What good is the Data Model without PowerPivot?

So in the book I’m forever writing, I have an example of how you can use the Data Model to effectively do VLOOKUPS. Take the example where we’ve got a transactional list of sales that has a product ID but no ‘friendly’ name or price, and another table that maps Product ID to price and friendly name.
Two tables
We can use the Data Model to set up a relationship between these two tables…
Edit Relationship
…so that we can display friendly product names from the Price table against aggregated sales quantities from the Sales Data:
Sweet. No VLOOKUPs necessary. So…given that we’ve got quantity, and prices, how much money did we make? Let’s find out. First, lets’ drag that Price field into the Values area of the PivotTable and see what it gives us:
Well, that obviously isn’t what we’re after…it gives us the price of every item, not total revenue. Maybe we need to create a calculated field to multiply Qty against Price:
Calculated Dialog
Oh wait…we can’t. Unless the average user has a premium version of Excel that includes the glorious thing that is PowerPivot (not to mention the wherewithal to not be daunted by a completely different, programmer-centric User Interface) then they can’t do this rather basic datamodel-ish thing.

So here we are…15.64% of the way through this century, and yet your average user still doesn’t have the ability to mash together relational tables in the world’s most widely used business productivity tool. (Or mash together flat files from different sheets or workbooks, for that matter.) Unless of course they go back to last century and do it like this:
ms query
Query Pivot
I just don’t get this. What’s the point of exposing non-premium users to something like the Data Model if it doesn’t let them do diddly squat? Without calculated fields, surely it’s a big red herring that unnecessarily confuses users? (And okay, so if the Data Model on its own isn’t the hammer for this particular nut, what is?)

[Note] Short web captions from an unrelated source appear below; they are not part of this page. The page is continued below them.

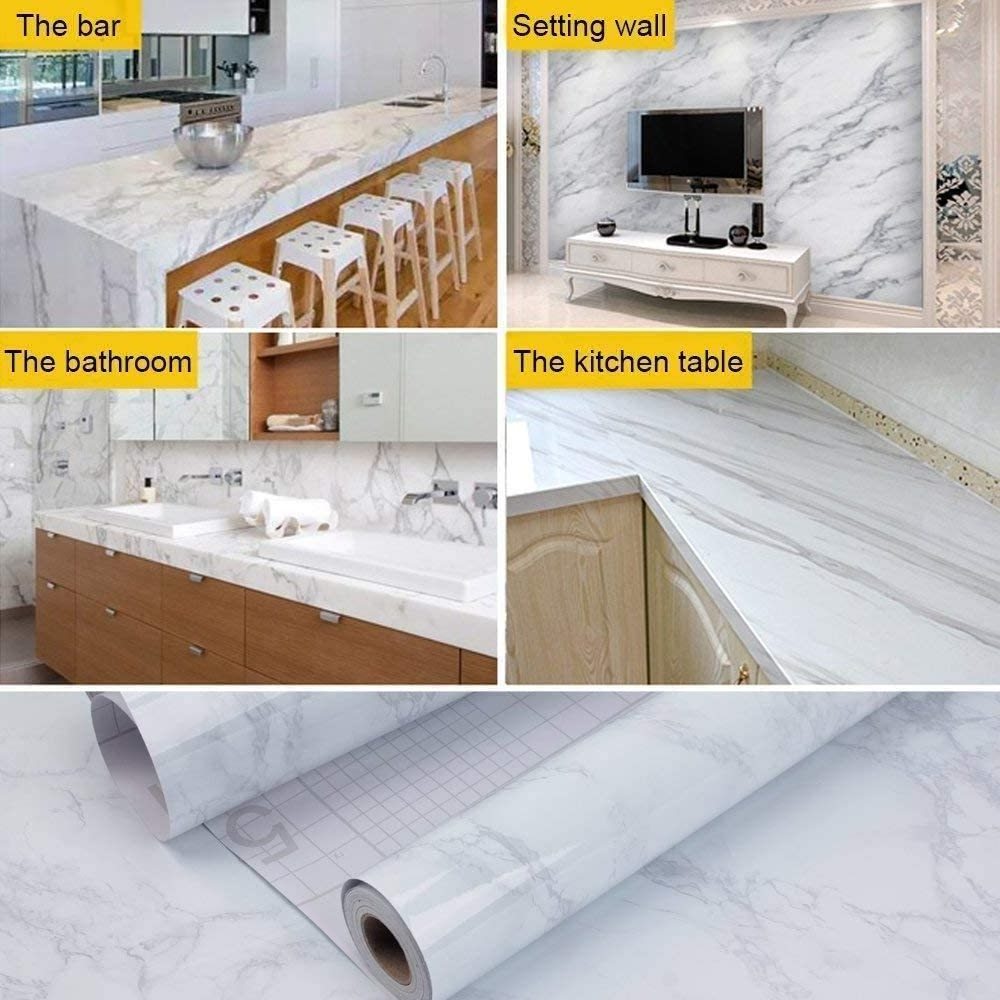 Marble self-adhesive kitchen desktop dormitory wallpaper cabinet self-adhesive wallpaper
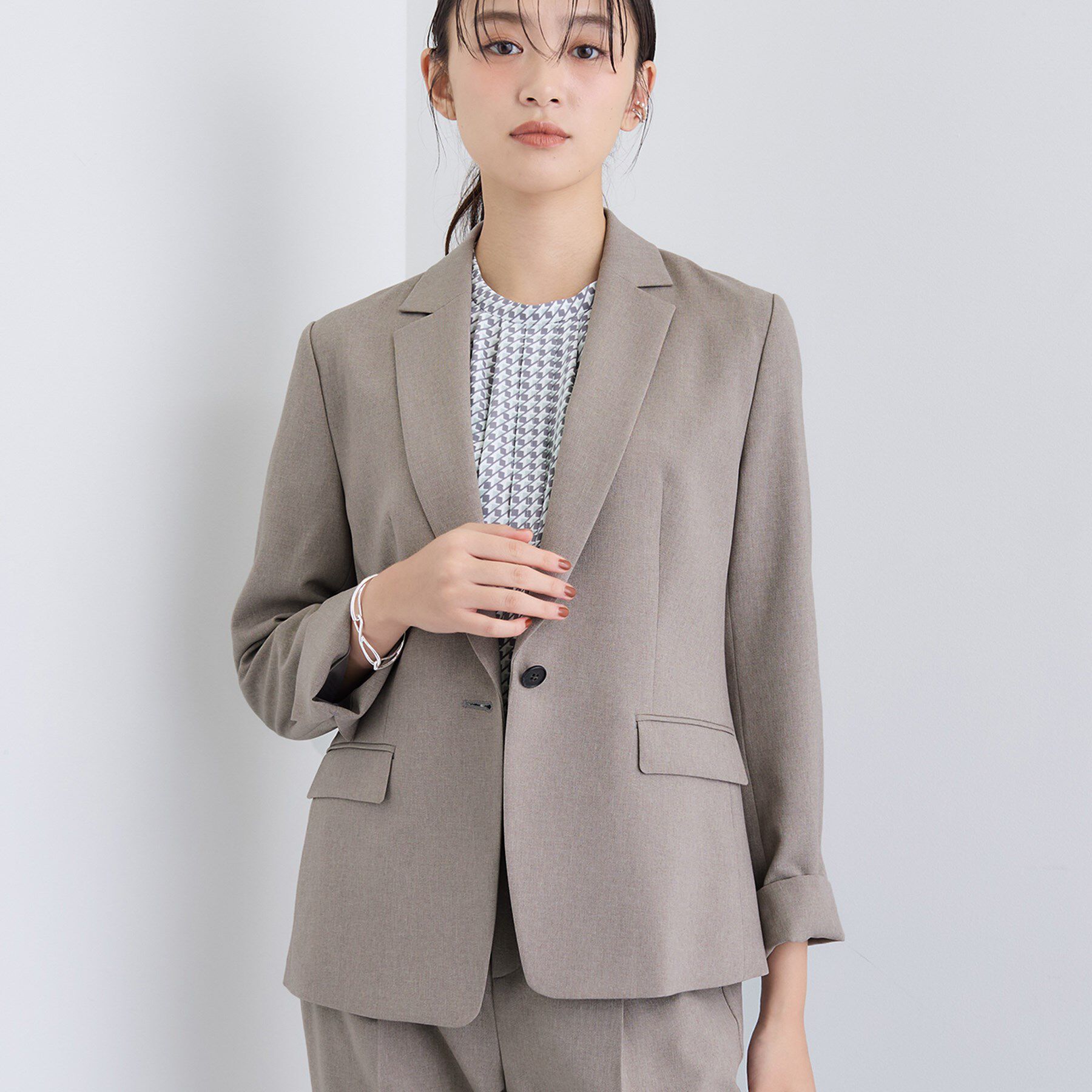 INDIVI「【洗える／通勤／スーツ】メランジストレッチ テーラージャケット」|スーツ|トープ(054)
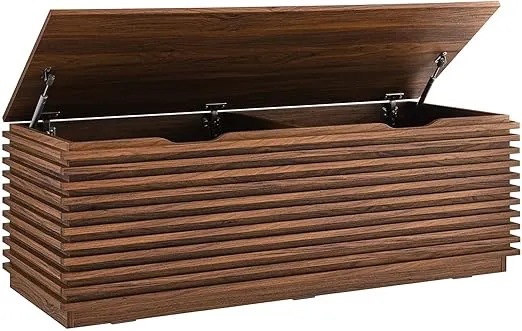 Modway Render 47" Wood Grain Storage Bench in Walnut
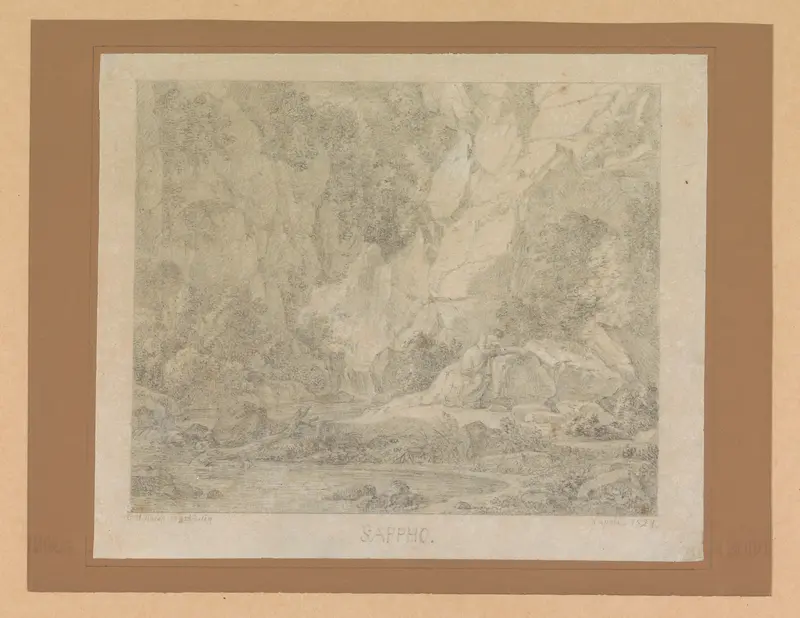 Sappho bij een meer in een berglandschap Wall Art by Unknown - High-Resolution Digital Print
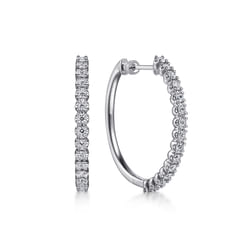 14K White Gold 30mm Diamond Hoop Earrings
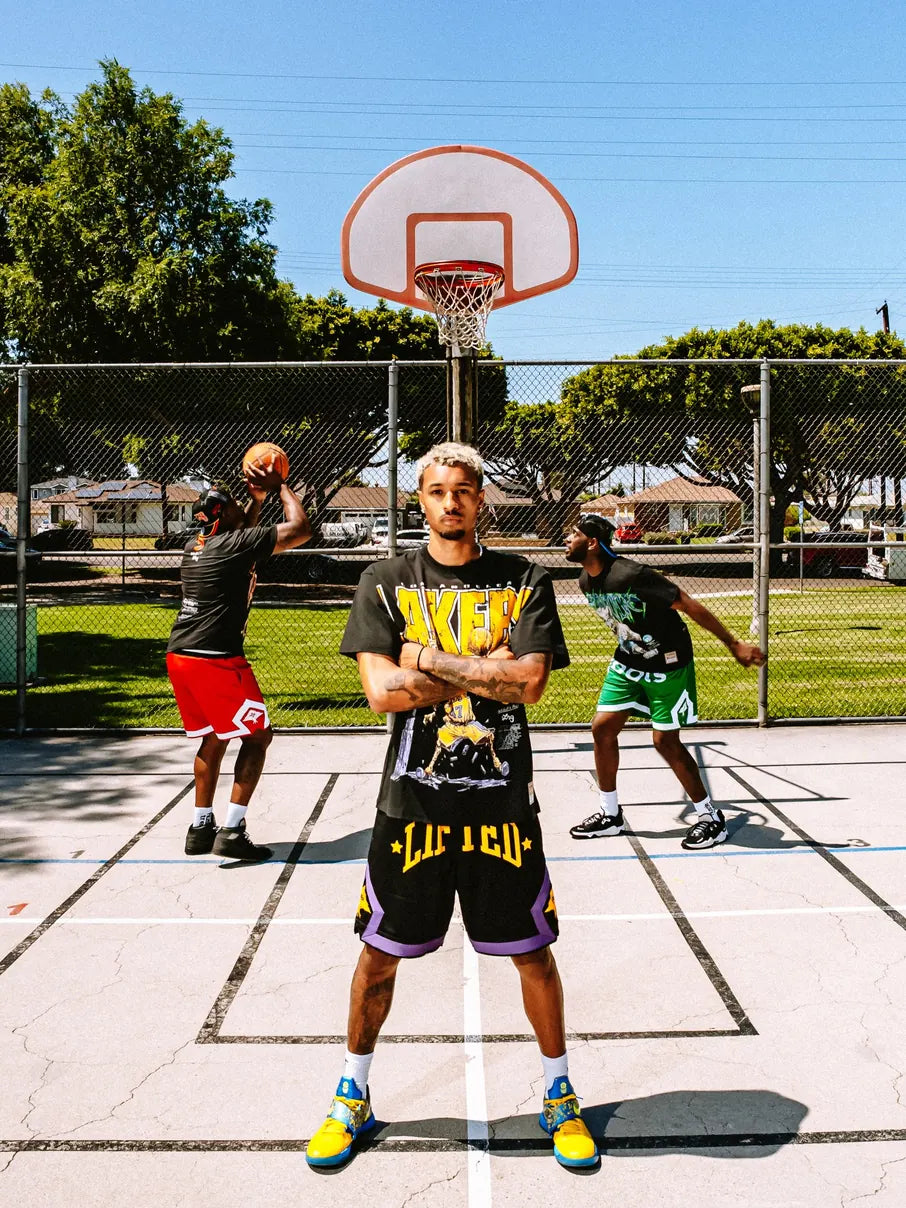 NBA x LRG collaboration campaign on an outdoor basketball court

I thought I was missing something here, so asked someone smarter than me about these matters (Sam). Sam tells me:

From 2013 onward the Data Model and the DAX Engine are separate
The Data Model is only to create Relationships (Joins) – available to all versions of Excel. The DAX engine if for the Calculations – the Pro Plus and Stand Alone versions.
The only extra function on which you can aggregate data in the Data Model based Pivot Table is Distinct Count at the expense of Numerical Count and Product of a normal pivot. A Data model based pivot table disables both Calculated fields and Items as well as the ability to Group. So the short answer is No – you need DAX alternately use SQL to create the Joins

Don’t get me wrong…Powerthis and Powerthat is all very exciting. But Microsoft: How about showing the tiniest bit of love for the common man (and woman) who live in the common version. Those folk shouldn’t have to upgrade to some fully-featured business intelligence flagship product merely so they can mash data from within Excel together, surely? (And yes, they might be able to use PowerQuery for free to join their relational data together, but leaving aside the fact that they’d probably end up with a flat file in Excel after importing the data from PQ, it’s just not good enough that they would have to go learn another programmer-centric tool just to do something that should be childs-play in Excel itself. )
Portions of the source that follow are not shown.